If one is not already in place, firms should establish a policy on credit application. Then, critically look at contracts charged and other expenses during the entire 24-week covered period.
To minimize the application of credits to allowable indirect costs, the entire 24-week covered period should be used. Any forgiveness of PPP loans should first be applied to direct labor of commercial contracts, as long the loan proceeds were truly spent in such manner. Thereafter, forgiveness could be applied to unallowable indirect costs before being applied to allowable indirect costs.
Loans that are not forgiven will continue to be reported as debt. The proceeds can be used to pay for allowable operating costs, but, as per FAR 31.201-20, the related interest expense is not deductible.

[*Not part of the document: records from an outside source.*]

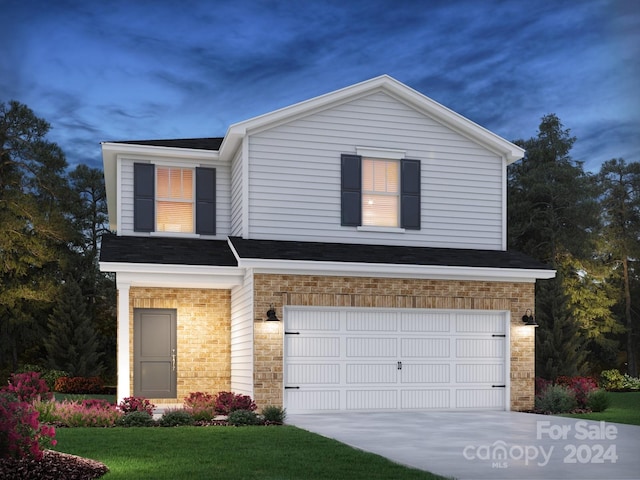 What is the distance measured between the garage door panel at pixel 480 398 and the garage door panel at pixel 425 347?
0.94 meters

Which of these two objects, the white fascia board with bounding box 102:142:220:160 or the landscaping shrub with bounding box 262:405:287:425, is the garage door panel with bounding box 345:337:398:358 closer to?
the landscaping shrub with bounding box 262:405:287:425

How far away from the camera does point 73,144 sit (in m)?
46.6

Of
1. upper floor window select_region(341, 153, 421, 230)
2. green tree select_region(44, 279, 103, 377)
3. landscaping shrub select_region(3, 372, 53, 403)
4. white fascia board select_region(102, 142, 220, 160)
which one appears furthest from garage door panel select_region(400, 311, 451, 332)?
green tree select_region(44, 279, 103, 377)

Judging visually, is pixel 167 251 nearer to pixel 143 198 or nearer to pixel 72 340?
pixel 143 198

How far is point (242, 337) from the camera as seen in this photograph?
57.0 ft

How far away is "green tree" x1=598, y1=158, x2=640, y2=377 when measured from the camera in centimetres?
3856

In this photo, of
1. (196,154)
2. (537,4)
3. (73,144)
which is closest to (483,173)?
(196,154)

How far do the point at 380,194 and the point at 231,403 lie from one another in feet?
20.8

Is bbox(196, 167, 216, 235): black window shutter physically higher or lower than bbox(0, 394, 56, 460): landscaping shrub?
higher

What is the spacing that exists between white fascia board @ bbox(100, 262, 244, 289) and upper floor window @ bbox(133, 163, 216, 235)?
231 centimetres

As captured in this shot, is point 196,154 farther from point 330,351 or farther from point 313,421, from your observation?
point 313,421

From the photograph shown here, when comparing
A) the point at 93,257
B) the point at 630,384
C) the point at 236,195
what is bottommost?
the point at 630,384

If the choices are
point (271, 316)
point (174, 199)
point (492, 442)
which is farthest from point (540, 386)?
point (174, 199)

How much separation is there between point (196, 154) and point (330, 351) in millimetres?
6128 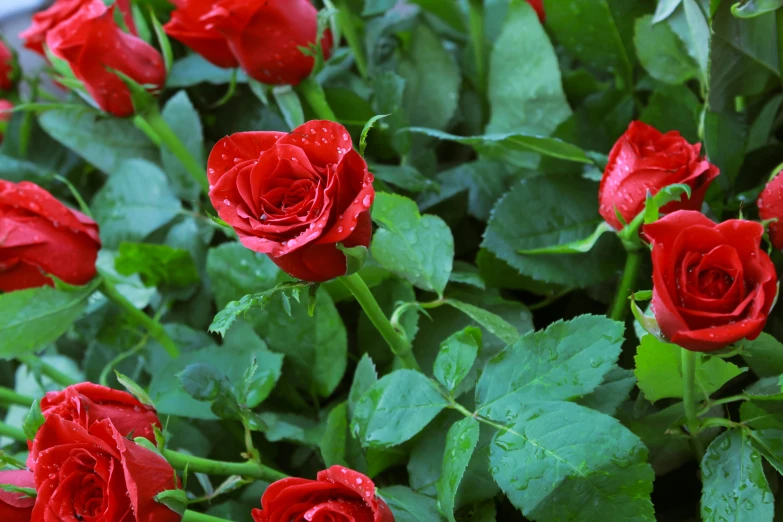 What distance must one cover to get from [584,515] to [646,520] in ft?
0.09

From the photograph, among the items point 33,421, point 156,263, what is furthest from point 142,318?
point 33,421

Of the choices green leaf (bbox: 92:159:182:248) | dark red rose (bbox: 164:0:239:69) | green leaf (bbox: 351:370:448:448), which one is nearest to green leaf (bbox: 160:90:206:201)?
green leaf (bbox: 92:159:182:248)

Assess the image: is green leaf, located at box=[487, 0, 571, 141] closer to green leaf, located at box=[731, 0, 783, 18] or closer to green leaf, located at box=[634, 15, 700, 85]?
green leaf, located at box=[634, 15, 700, 85]

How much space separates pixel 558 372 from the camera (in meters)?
0.36

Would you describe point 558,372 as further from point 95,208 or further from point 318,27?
point 95,208

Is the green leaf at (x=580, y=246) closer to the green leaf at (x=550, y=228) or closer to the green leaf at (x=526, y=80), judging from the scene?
the green leaf at (x=550, y=228)

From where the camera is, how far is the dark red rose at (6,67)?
2.47ft

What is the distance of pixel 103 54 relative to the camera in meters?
A: 0.52

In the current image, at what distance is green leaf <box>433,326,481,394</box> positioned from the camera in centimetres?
39

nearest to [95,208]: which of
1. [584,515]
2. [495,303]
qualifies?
[495,303]

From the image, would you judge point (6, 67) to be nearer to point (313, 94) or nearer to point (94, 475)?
point (313, 94)

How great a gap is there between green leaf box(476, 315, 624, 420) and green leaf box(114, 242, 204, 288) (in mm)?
318

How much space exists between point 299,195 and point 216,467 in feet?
0.58

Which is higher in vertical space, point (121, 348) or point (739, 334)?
point (739, 334) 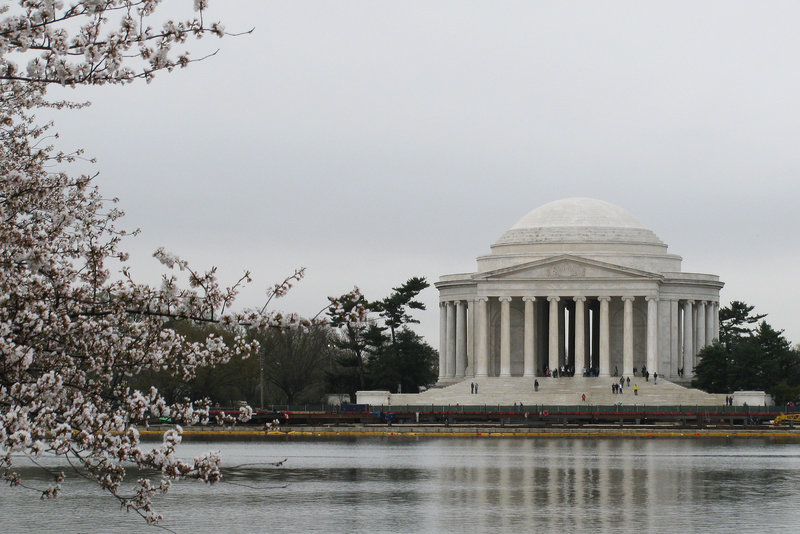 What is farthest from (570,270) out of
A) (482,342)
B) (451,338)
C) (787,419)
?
(787,419)

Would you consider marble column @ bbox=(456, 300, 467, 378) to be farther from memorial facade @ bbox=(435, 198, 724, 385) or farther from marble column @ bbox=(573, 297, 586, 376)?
marble column @ bbox=(573, 297, 586, 376)

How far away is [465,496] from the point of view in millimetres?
58906

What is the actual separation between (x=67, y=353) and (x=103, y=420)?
4.46 feet

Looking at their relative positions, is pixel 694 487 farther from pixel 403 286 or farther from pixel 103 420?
pixel 403 286

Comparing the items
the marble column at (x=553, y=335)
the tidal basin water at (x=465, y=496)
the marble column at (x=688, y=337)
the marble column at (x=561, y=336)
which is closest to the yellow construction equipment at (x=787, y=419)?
the tidal basin water at (x=465, y=496)

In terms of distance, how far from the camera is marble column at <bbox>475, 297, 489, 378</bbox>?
149625mm

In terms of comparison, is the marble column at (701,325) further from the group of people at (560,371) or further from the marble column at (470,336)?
the marble column at (470,336)

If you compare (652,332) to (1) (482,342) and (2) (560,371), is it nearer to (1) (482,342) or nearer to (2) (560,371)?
(2) (560,371)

Applying for forgiveness should not be automatic, and it is extremely important to have a detailed analysis performed before requesting forgiveness of PPP loans. Firms should consider overall contract portfolios, expectations of new or continuing contracts in the future, and tax rates. Loan forgiveness will likely be less than the recoverable revenue amount based on the overhead rate for firms working primarily on government contracts.